July 30, 2018 / 3:19 PM / 4 months ago

Swiss Re, Security First team up on Florida flood cover

FILE PHOTO: The logo of the world's second largest reinsurer Swiss Re is seen inside the company's offices in Zurich, Switzerland, February 23, 2018. REUTERS/Moritz Hager

ZURICH (Reuters) - Swiss Re and Security First Insurance have teamed up to offer water damage insurance to homeowners in Florida using a new modeling system that could reshape the private market for insuring against floods, the Swiss reinsurer said on Monday.

The joint venture lets residents of the southern U.S. state include water damage, including flood coverage, in their homeowners policy. Ratings are based on Swiss Re’s proprietary flood model, it said.

“The Swiss Re model generates a premium that is based on the unique characteristics of the exposure such as location of the structure, type of construction and insured value, rather than relying on rating tables which are less accurate,” it said.

Security First policyholders could be among the first to apply for enhanced coverage with a single deductible for wind and flood damage.

“This innovative policy is proof that flood is insurable in the private market and we believe it can be replicated throughout the U.S. to help solve a profound underinsurance issue,” said Keith Wolfe, Swiss Re’s U.S. president for property and casualty insurance.

Hurricanes Harvey and Irma clobbered the United States last year, increasing property damage.
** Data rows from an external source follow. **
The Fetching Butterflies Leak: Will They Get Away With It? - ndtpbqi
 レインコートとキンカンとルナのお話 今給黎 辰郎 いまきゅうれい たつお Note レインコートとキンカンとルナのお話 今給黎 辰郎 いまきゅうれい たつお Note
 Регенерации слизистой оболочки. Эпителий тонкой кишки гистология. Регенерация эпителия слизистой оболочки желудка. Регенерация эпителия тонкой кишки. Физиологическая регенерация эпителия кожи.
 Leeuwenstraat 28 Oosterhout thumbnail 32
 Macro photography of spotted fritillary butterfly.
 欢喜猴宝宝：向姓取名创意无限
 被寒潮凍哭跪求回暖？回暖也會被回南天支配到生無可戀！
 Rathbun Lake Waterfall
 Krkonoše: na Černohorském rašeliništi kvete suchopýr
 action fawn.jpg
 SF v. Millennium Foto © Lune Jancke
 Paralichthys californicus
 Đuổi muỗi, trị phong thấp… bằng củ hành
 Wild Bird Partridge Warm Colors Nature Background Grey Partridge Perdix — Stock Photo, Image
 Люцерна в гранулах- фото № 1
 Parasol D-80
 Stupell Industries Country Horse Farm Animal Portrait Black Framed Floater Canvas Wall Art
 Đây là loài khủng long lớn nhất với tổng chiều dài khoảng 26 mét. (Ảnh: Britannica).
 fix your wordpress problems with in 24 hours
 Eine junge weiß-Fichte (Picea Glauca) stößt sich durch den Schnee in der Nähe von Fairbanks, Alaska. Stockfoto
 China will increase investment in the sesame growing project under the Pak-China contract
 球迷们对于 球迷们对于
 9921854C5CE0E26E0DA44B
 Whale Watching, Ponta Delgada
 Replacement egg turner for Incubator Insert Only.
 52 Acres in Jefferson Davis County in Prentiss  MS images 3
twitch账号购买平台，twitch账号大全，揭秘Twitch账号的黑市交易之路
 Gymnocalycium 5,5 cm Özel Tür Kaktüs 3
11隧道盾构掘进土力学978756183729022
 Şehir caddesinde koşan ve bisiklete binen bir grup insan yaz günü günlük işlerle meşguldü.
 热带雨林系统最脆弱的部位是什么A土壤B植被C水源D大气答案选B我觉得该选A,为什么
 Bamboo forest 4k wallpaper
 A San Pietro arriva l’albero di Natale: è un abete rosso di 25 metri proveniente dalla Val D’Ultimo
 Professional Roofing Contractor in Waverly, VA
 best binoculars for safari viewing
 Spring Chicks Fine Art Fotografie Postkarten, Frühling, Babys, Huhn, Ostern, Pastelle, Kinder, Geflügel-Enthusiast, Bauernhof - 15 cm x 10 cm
Flooding typically causes damage of around $15 billion a year in the U.S., of which only $5 billion is insured, a Swiss Re statement said.

Security First has started offering the optional flood and water backup coverage to customers and will handle distribution, administration and claims servicing.

U.S. Congress has been extending on a stopgap basis the federal flood insurance program after legislation that would drastically overhaul the system stalled in the Senate after passage in the House of Representatives.

Supporters of the overhaul say it would improve the amount of choice in the marketplace and stabilize rates. Critics have voiced concern it could result in drastic price increases for some flood-prone areas.